December 12, 2014
Common Fund Doctrine - Recovering Attorney Fees for a Beneficiary
If a beneficiary sues a trustee and is successful, they are generally not able to recover their attorney fees from the trust. Hence, the beneficiary will have to personally bear the out-of-pocket costs.
However, an exception to this rule is when a beneficiary sues a trustee on behalf of themselves and other beneficiaries which recovers or preserves a common fund for their benefit. In such a case, the probate court has the discretion to award attorney fees from the trust to the moving beneficiary. See Estate of Gump (1982) 128 CA3d 111. This is known as the "common fund doctrine."
One reason for the common fund doctrine is to prevent the free rider program. If one beneficiary successfully sues, invariably they will expend a large sum of money on attorney fees. Yes, attorneys do not come cheap. In turn, it is quite possible that the moving party will expend all of their inheritance on attorney fees just so they can get what is arguably theirs. Conversely, the other beneficiaries, assuming they are co-equals, reap the benefits of the moving party's litigation efforts. However, they did not have to expend any funds to reap the benefit. Thereby, they can be considered "free riders" or roughly speaking a "mooch." The common fund doctrine can thus ensure that a moving beneficiary is not unfairly punished for doing a good deed.
In theory this sounds complicated, but is easier to grasp with a little explanation.
Assume that a rich uncle leaves behind a large estate that is to equally benefit 10 of his nieces and nephews for their lifetime. The uncle names his brother as the trustee. The principal asset of the trust is a shopping complex located in Los Gatos, CA.
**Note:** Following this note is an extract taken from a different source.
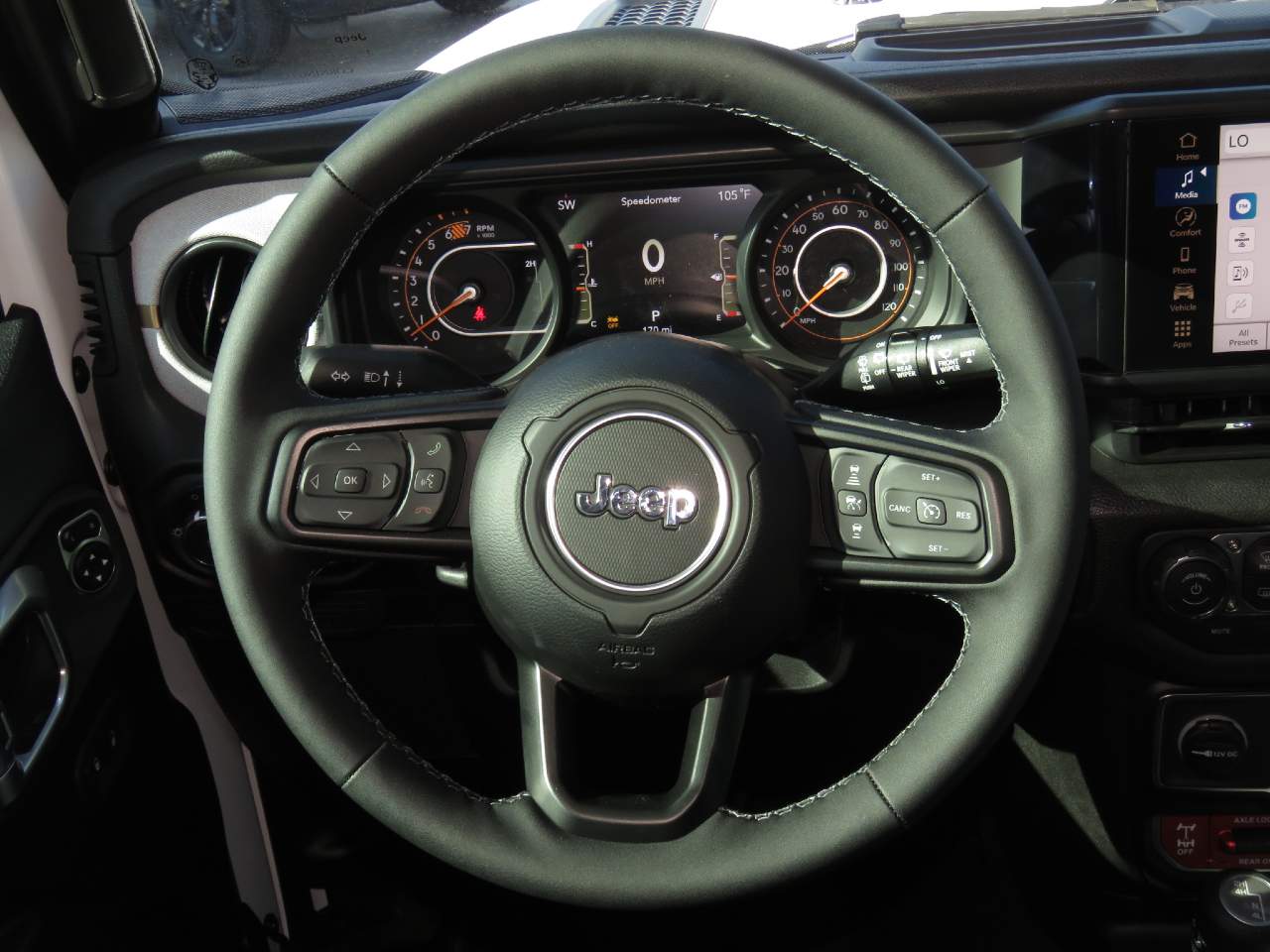 2026 Jeep Wrangler Willys 4dr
The brother initially does a competent job in executing his fiduciary duties but quickly becomes overwhelmed by the responsibilities of commercial leasing. The brother becomes derelict in his duties by not enforcing lease agreements, collecting rent late and inadequately maintaining the property. This causes a substantial reduction in the amount of profit the trust reaps. This decreased profit trickles down to the nieces and nephews in the form of reduced distributions.
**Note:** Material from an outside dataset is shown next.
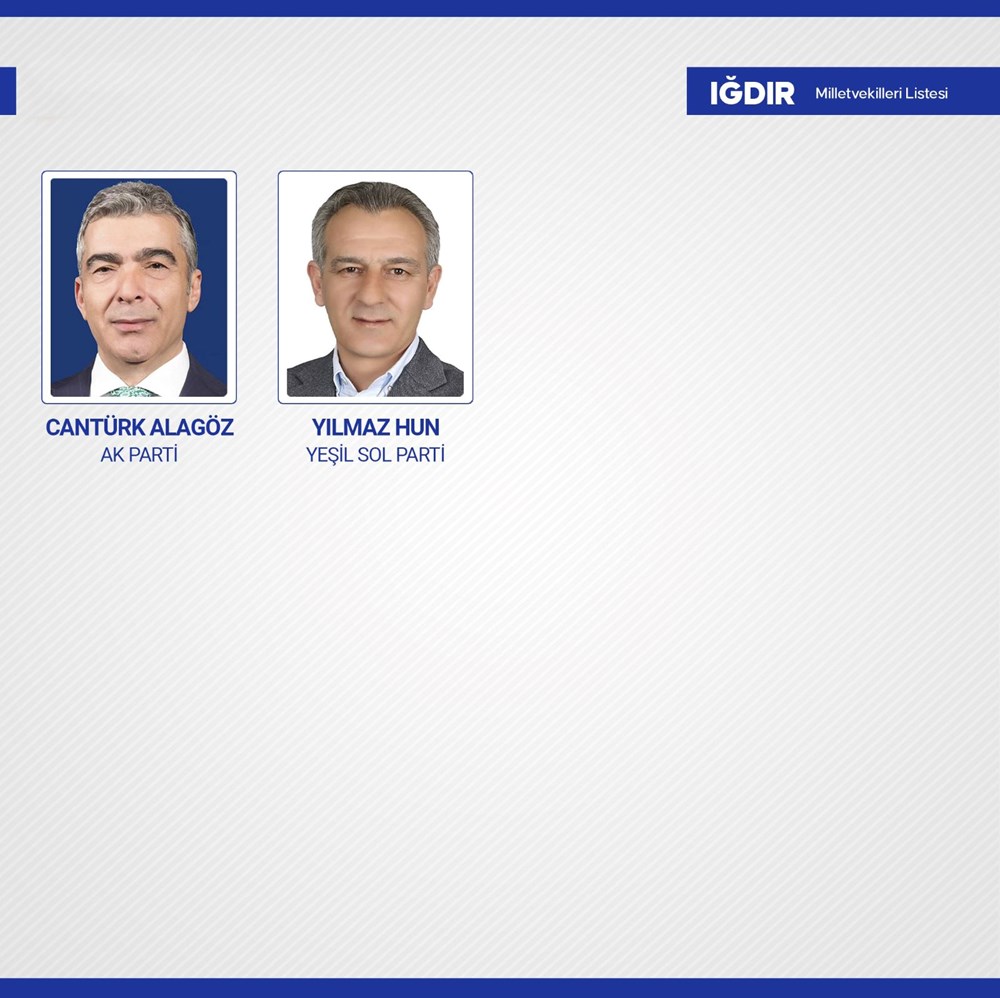 Yeni dönemde TBMM'de yer alacak milletvekilleri belli oldu - 41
One nephew then decides that it would be prudent to have the trustee removed for breach of fiduciary duty and replace them with a professional fiduciary. This nephew is the only beneficiary who is wealthy enough to fund a trustee removal petition.
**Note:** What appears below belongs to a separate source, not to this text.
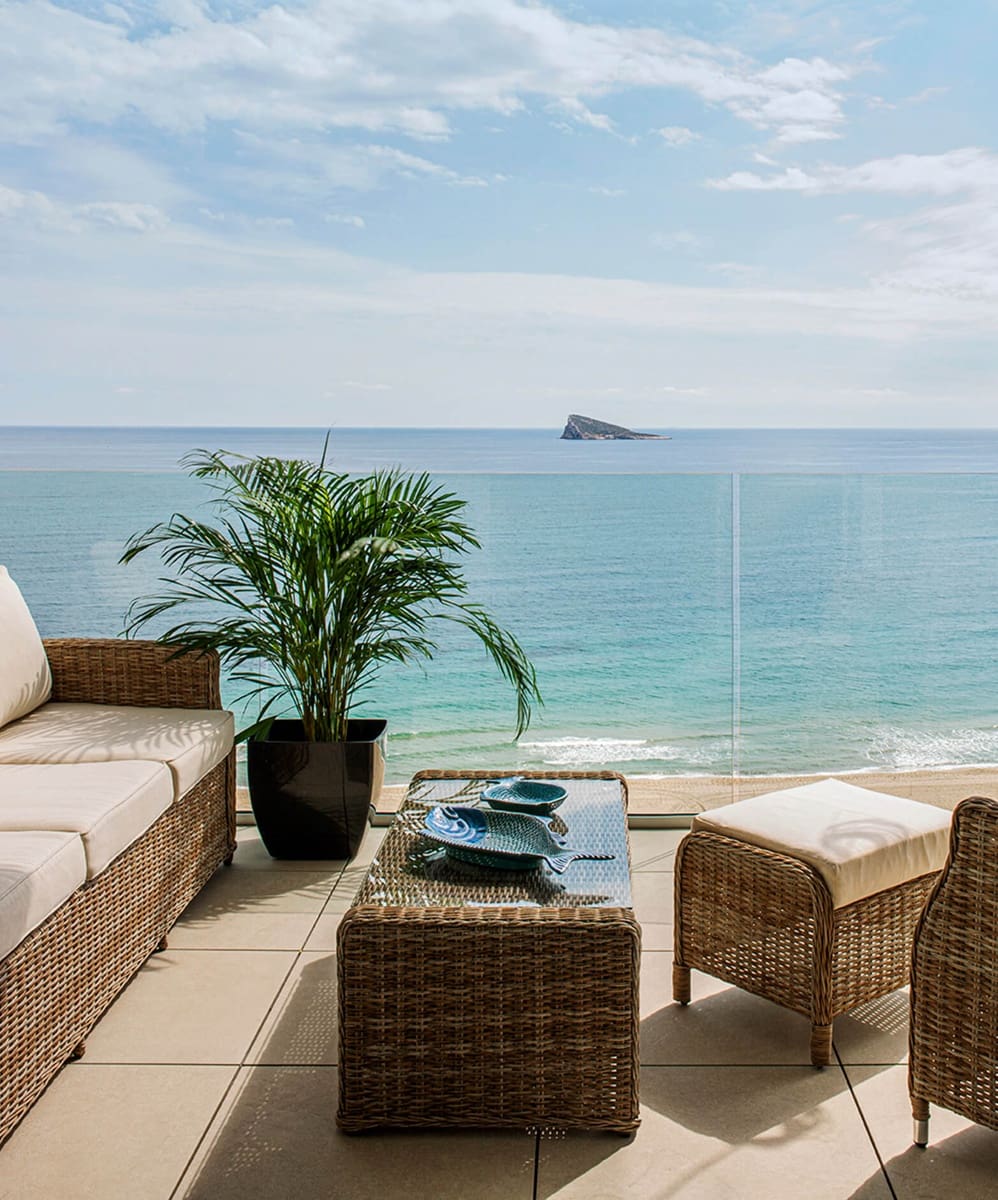 2 slaapkamer Appartement te koop in Benidorm met zwembad garage - € 690.000 (Ref: 7007532)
He hires a local probate litigation attorney and has the brother removed as trustee, albeit at the cost of $50,000. The nephew asks for reimbursement of his attorney fees, citing the benefit to the other beneficiaries. In particular, the professional fiduciary will be able to increase the amount of rent collected from the property which will equally benefit all the nieces and nephews through larger distributions.
In such a case, the nephew may receive reimbursement from the trust for their attorney fees. Although, it should be noted that this remedy is discretionary. Simply because a beneficiary petitions for it and the facts indicate that a common benefit has been achieved for the beneficiaries, such does not obligate the probate judge to award it. The probate judge has discretion to do so or not.